EXERCISE PROMPT:
Please output the records below in full, exactly as given, but without the images.
● ● ●
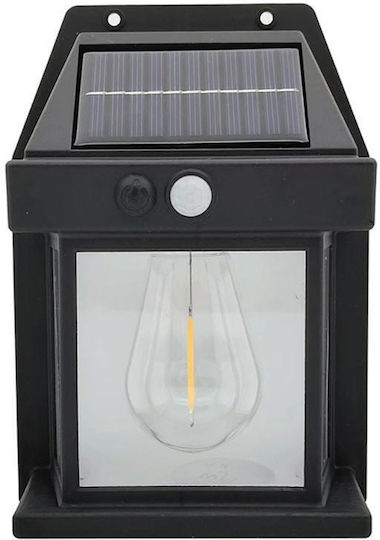 Lampa Lampa Solară Alb Cald cu Senzor de Mișcare și Fotocelul IP65 17x12x5.8cm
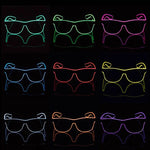 lunettes soleil lumineuses clignotantes filament led occasion fête moderne couleurs vives variées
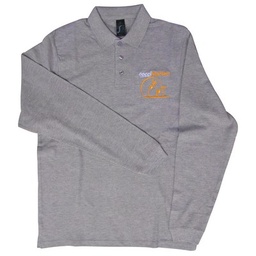 [24509] POLO GRIS MANCHE LONG CMKT XXL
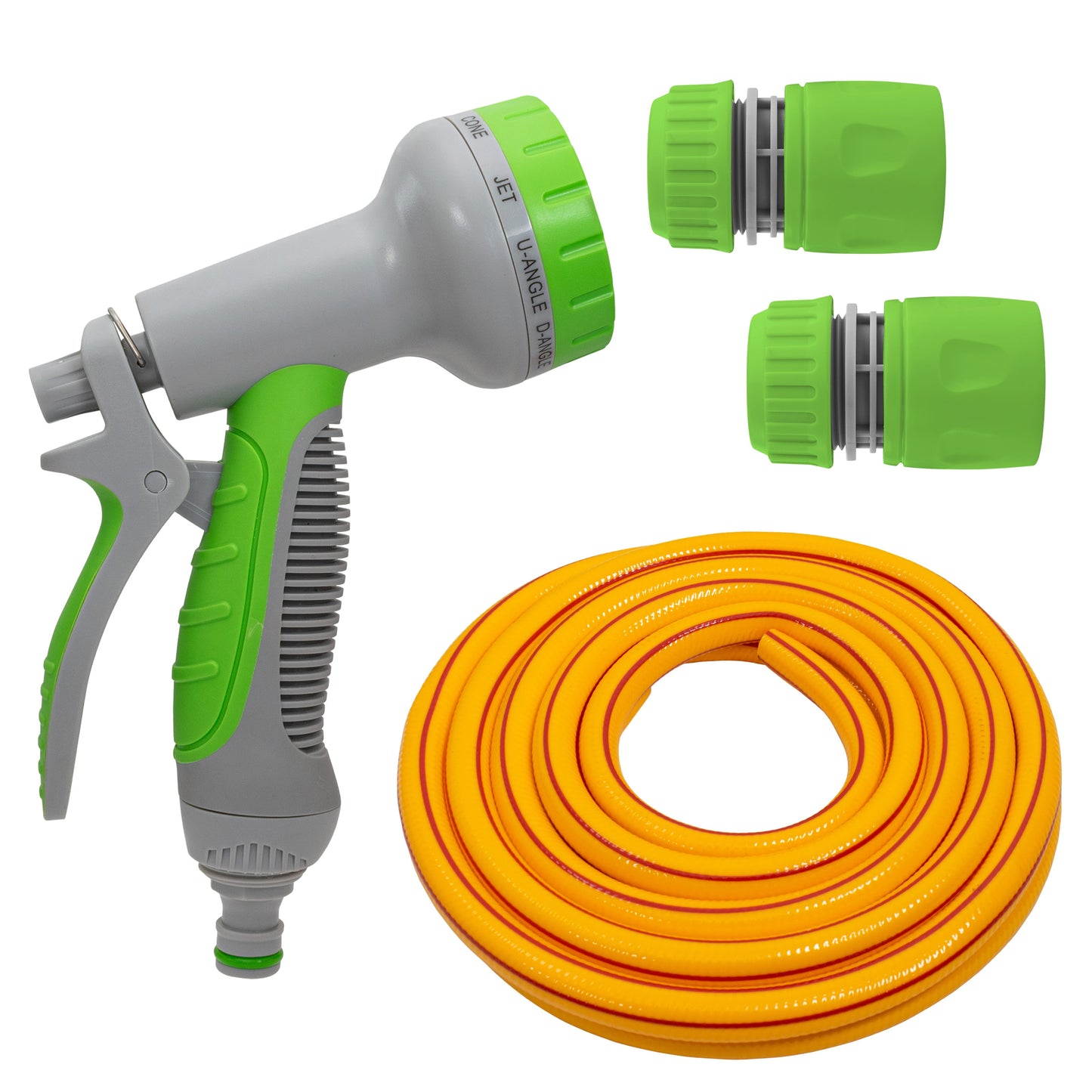 Yellow/Lime Dog Shower Accessory Set for Cold Water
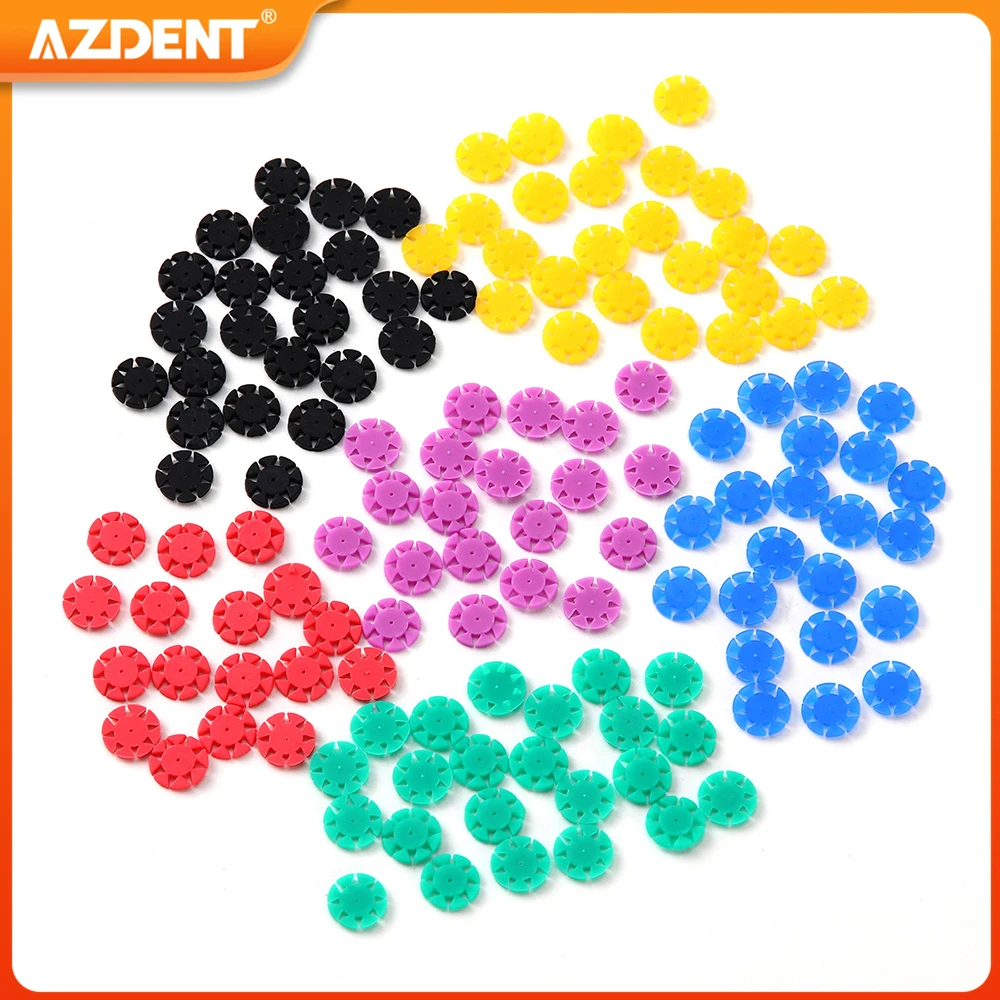 

100PCS/Pack AZDENT Dental Root Canal File Marking Circle Ring Counting Stopper Disinfection Silicon Counter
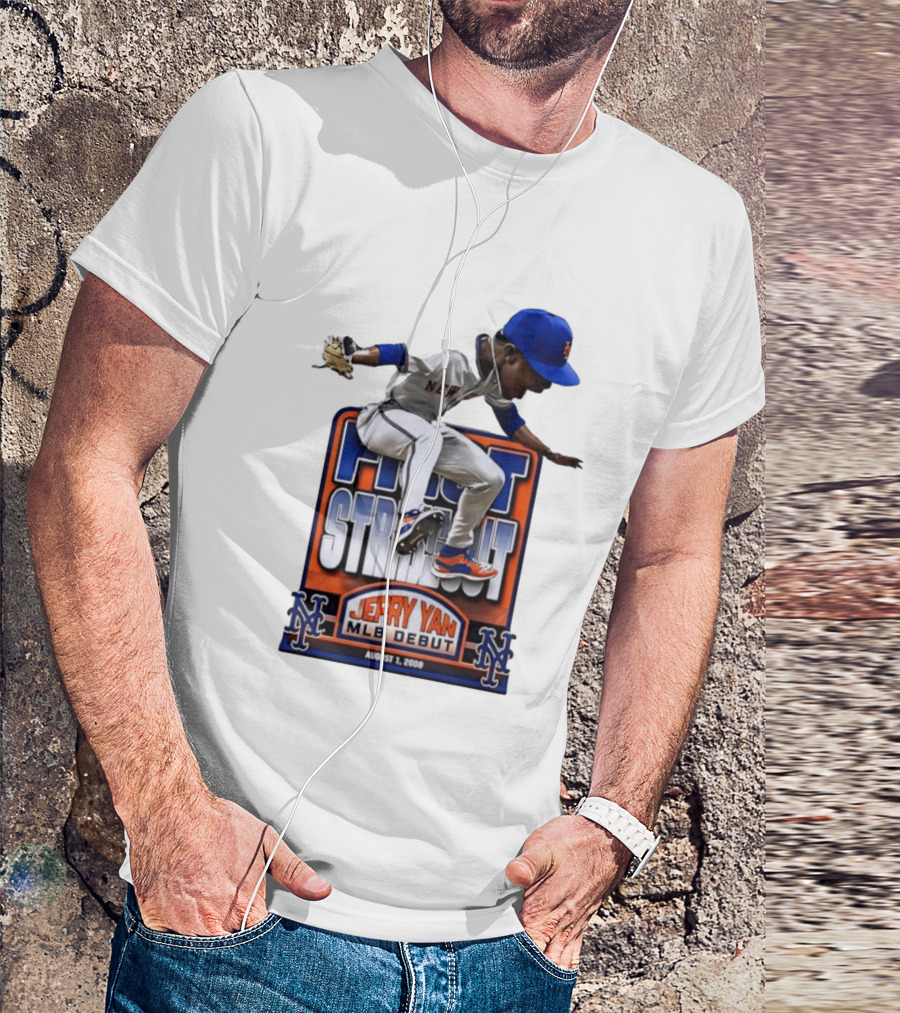 New York Mets Jepry Yan MLB Debut First Strikeout August 1 2008 T-Shirt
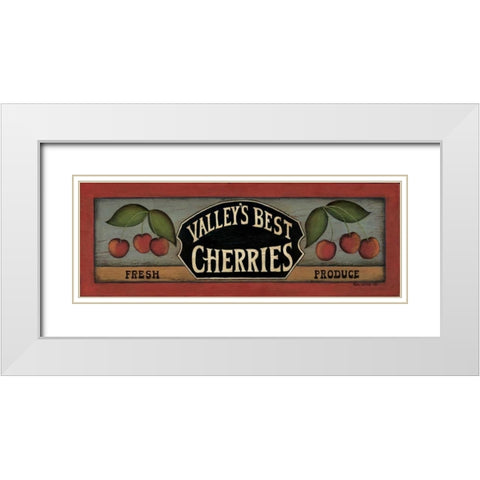 Valleys Best White Modern Wood Framed Art Print with Double Matting by Lewis, Kim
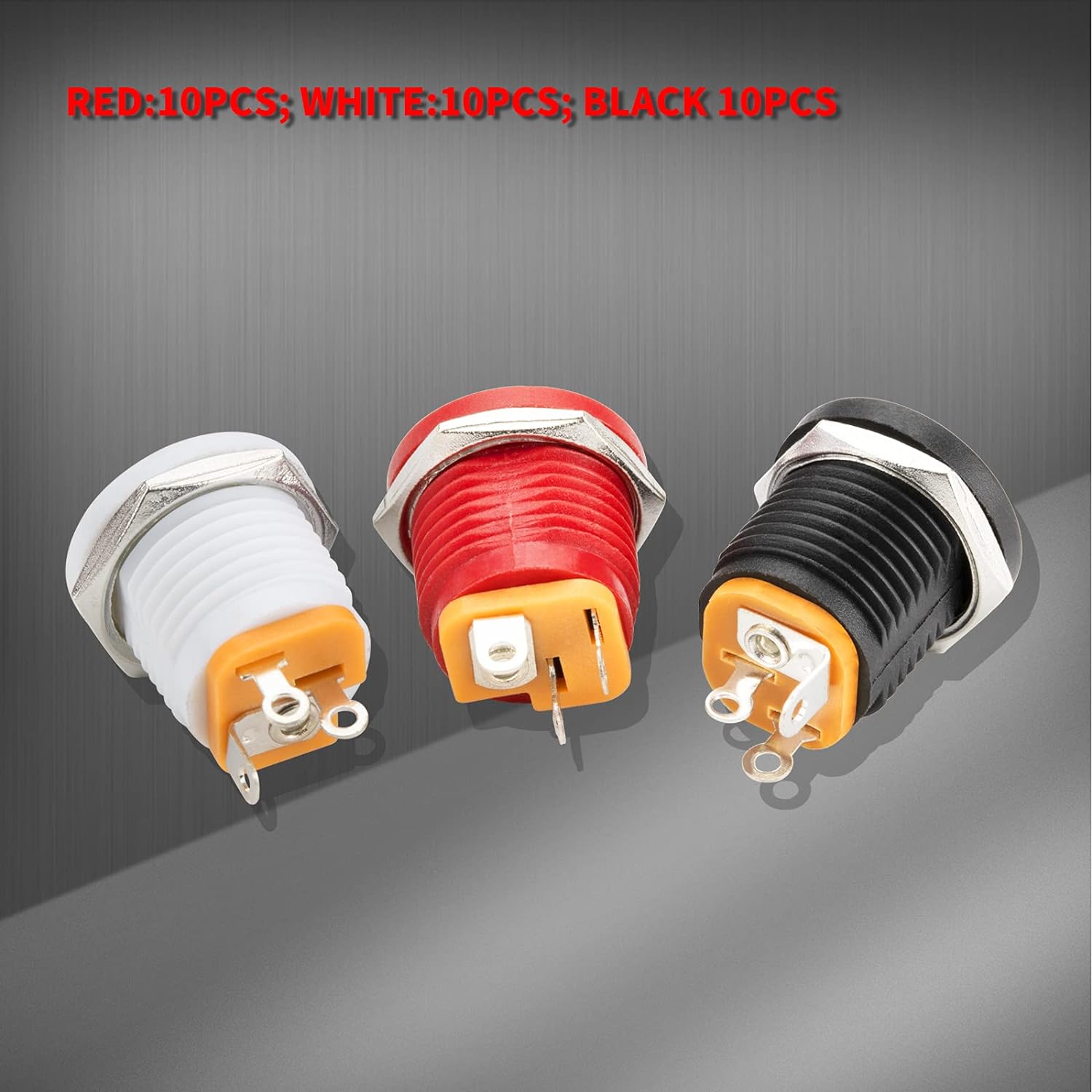 DaierTek 30PCS 2,1mm Barrel Jack 5,5x2,1mm Weibliche DC Power Jack 2,1X5,5mm DC Jack Stecker 6V 9V 12V DC Jack Panel Mount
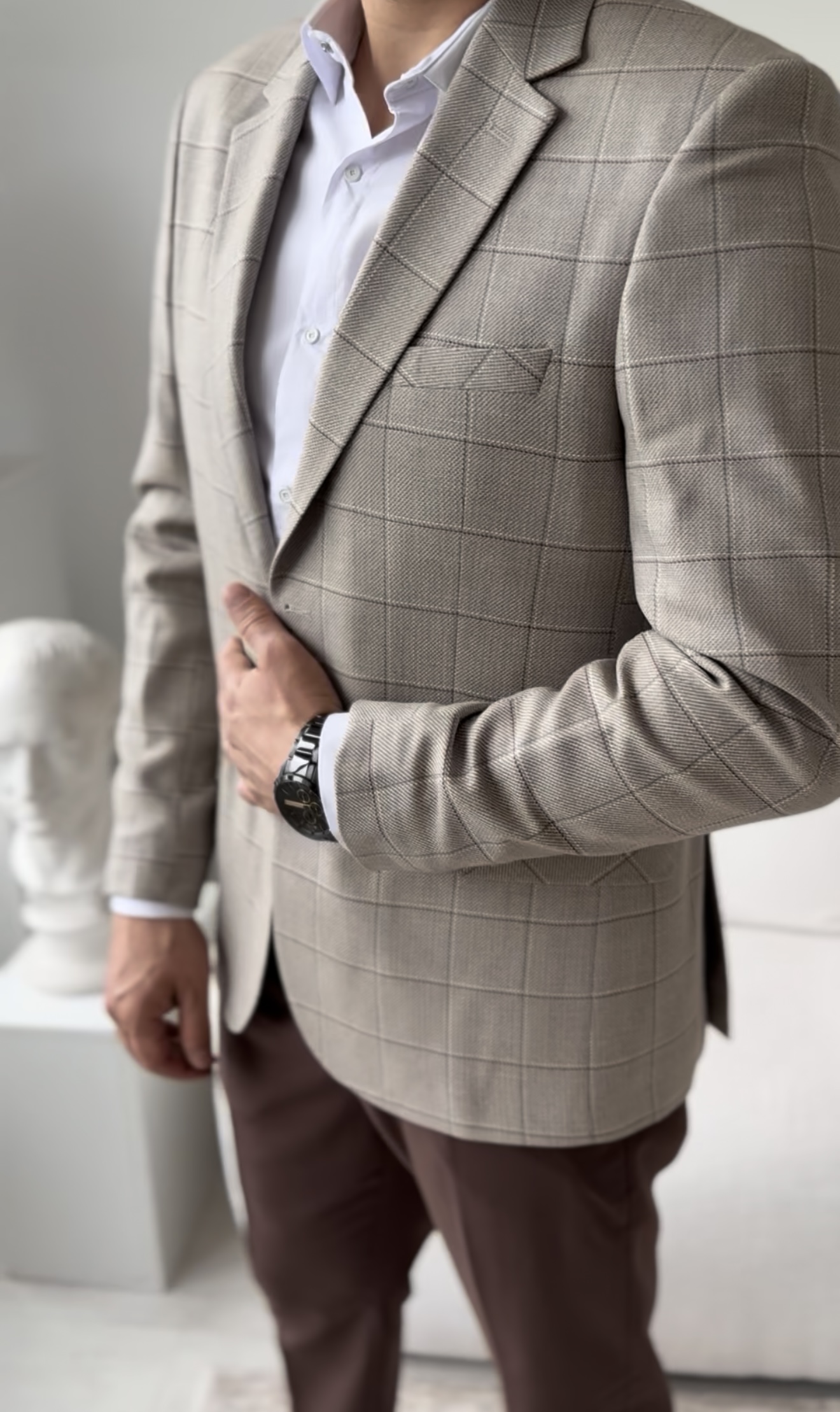 Vyriškas švarkas Gentleman's Beige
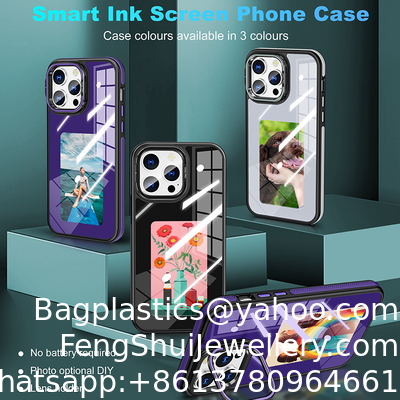 Good price IPhone 16 Mobile Phone Case Metal Magnetic IPhone 17 Mobile Phone Case DIY Color Display Mirror Suitable For Apple Mobile Phone Protective Cover NFC Screen Ink Screen Mobile Phone Case online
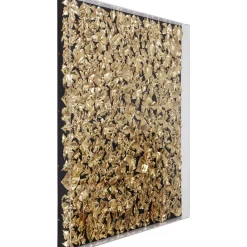 KARE Design Cadre Décoratif Gold Leaf 120X120Cm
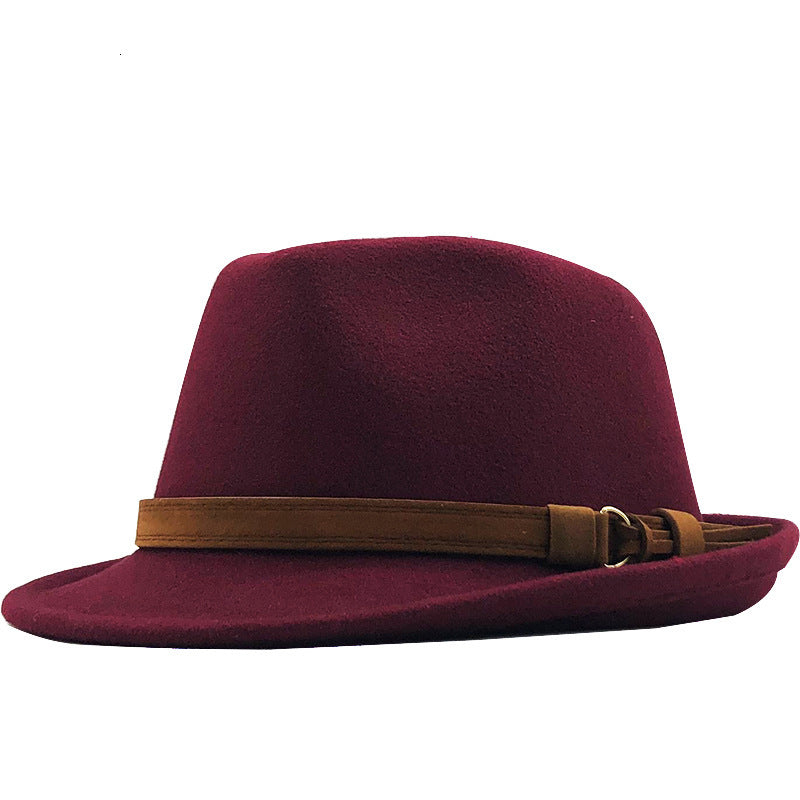 European And American Autumn And Winter Woolen Plain Hat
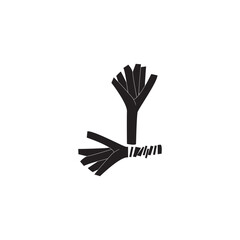Obraz premium LEEKS ICON VECTOR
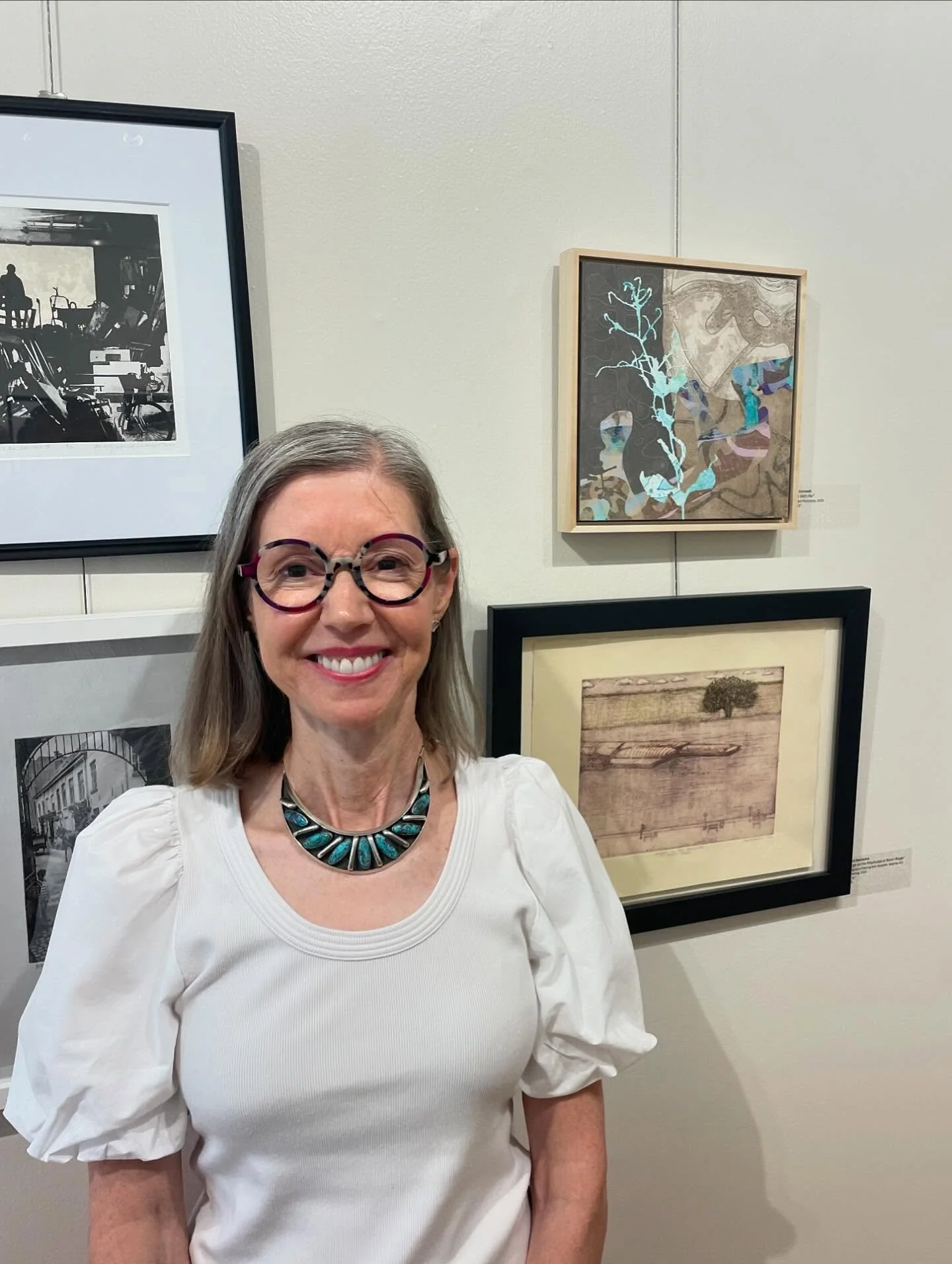 I&rsquo;m honored that my monotype collage &ldquo;Walk With Me&rdquo; was accepted into the 2025 Peggy Doole National Small Works Competition &amp; Exhibition held in the Washington Printmakers Gallery in Washington, DC. It was a treat to attend the 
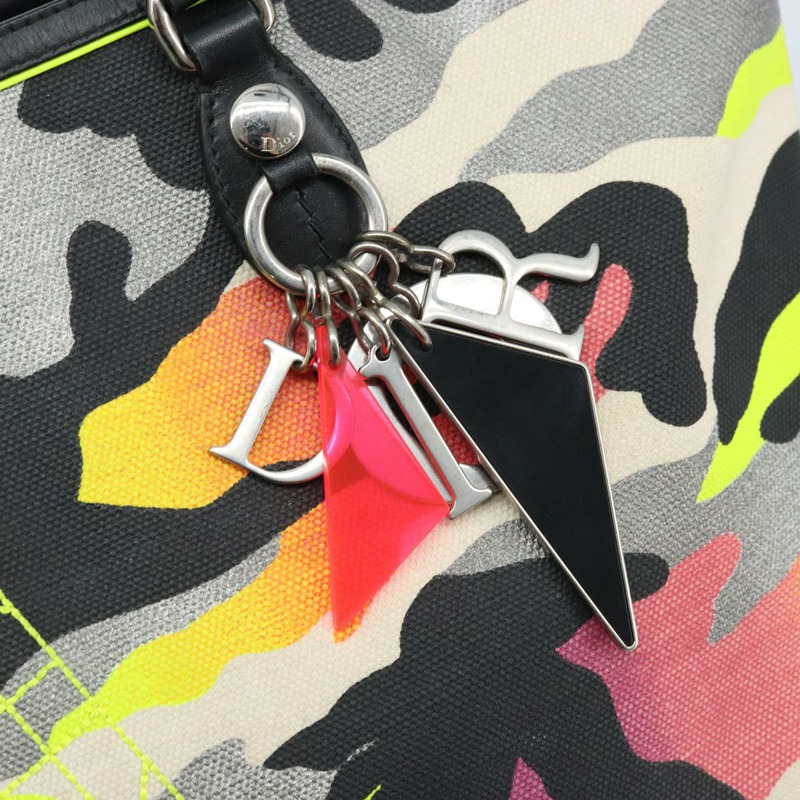 【日本直送】Christian Dior Anselmural 托特包 帆布 多色 銀色 正品 165371M-18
● ● ●
ANSWER:
 Lampa Lampa Solară Alb Cald cu Senzor de Mișcare și Fotocelul IP65 17x12x5.8cm
 lunettes soleil lumineuses clignotantes filament led occasion fête moderne couleurs vives variées
 [24509] POLO GRIS MANCHE LONG CMKT XXL
 Yellow/Lime Dog Shower Accessory Set for Cold Water

100PCS/Pack AZDENT Dental Root Canal File Marking Circle Ring Counting Stopper Disinfection Silicon Counter
 New York Mets Jepry Yan MLB Debut First Strikeout August 1 2008 T-Shirt
 Valleys Best White Modern Wood Framed Art Print with Double Matting by Lewis, Kim
 DaierTek 30PCS 2,1mm Barrel Jack 5,5x2,1mm Weibliche DC Power Jack 2,1X5,5mm DC Jack Stecker 6V 9V 12V DC Jack Panel Mount
 Vyriškas švarkas Gentleman's Beige
 Good price IPhone 16 Mobile Phone Case Metal Magnetic IPhone 17 Mobile Phone Case DIY Color Display Mirror Suitable For Apple Mobile Phone Protective Cover NFC Screen Ink Screen Mobile Phone Case online
 KARE Design Cadre Décoratif Gold Leaf 120X120Cm
 European And American Autumn And Winter Woolen Plain Hat
Obraz premium LEEKS ICON VECTOR
 I&rsquo;m honored that my monotype collage &ldquo;Walk With Me&rdquo; was accepted into the 2025 Peggy Doole National Small Works Competition &amp; Exhibition held in the Washington Printmakers Gallery in Washington, DC. It was a treat to attend the 
 【日本直送】Christian Dior Anselmural 托特包 帆布 多色 銀色 正品 165371M-18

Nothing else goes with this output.